Looking back, the chaos of this past spring semester has been impactful. COVID-19 relentlessly slithered its way into everyone’s personal, professional, and academic lives. As Governor Tom Wolf recently announced, Philadelphia county will begin to phase out of stay-at-home status and shift from the red to yellow phase on June 5th. With the storm of finals finally over and grades posted, I am beginning to reflect on how hard it was to be a stay-at-home parent and a full-time student in quarantine.
My last normal commute home with my twin toddlers seems like a decade’s worth of hops, skips, and jumps ago. As the world began to shut down like a science-fiction thriller, I, like most parents, found myself participating in Zoom sessions while simultaneously conducting homeschooling sessions for my little ones, serving up breakfast, lunch, dinner and snack after snack. At least once a day, sometimes moments after settling a tantrum, I had to engage with my classmates and coursework.
At the top of every student's list this past semester was performance and grades. Extracurriculars, of course, held their weight as well. As Penn students, we are all involved in activities that deeply matter to us. Those commitments did not halt because the pandemic began. As a member of the Student Committee on Undergraduate Education, I found comfort in everyone’s outstanding dedication to the work we do. Every day, through shocking news alerts, heavy assignments, and family matters, the mission to improve the Penn undergraduate educational experience stayed the same.

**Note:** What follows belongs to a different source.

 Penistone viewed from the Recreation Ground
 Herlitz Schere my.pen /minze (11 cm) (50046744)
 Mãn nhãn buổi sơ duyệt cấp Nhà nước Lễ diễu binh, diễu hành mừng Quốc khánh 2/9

As I reflect on the many things that occurred since everyone happily left campus for spring break, it is clear that every parent in the Penn community deserves a special round of applause. From undergraduate students, graduate students, postdoc’s to professors, everyone that juggled taking care of their family and fulfilling their strong commitment to Penn became a superhero in their own right last semester. These tasks are hard work. Prioritizing school and work can be complex when you can depend on childcare. When that resource is completely taken away from an entire community, a successful outcome within that very community is magnificent.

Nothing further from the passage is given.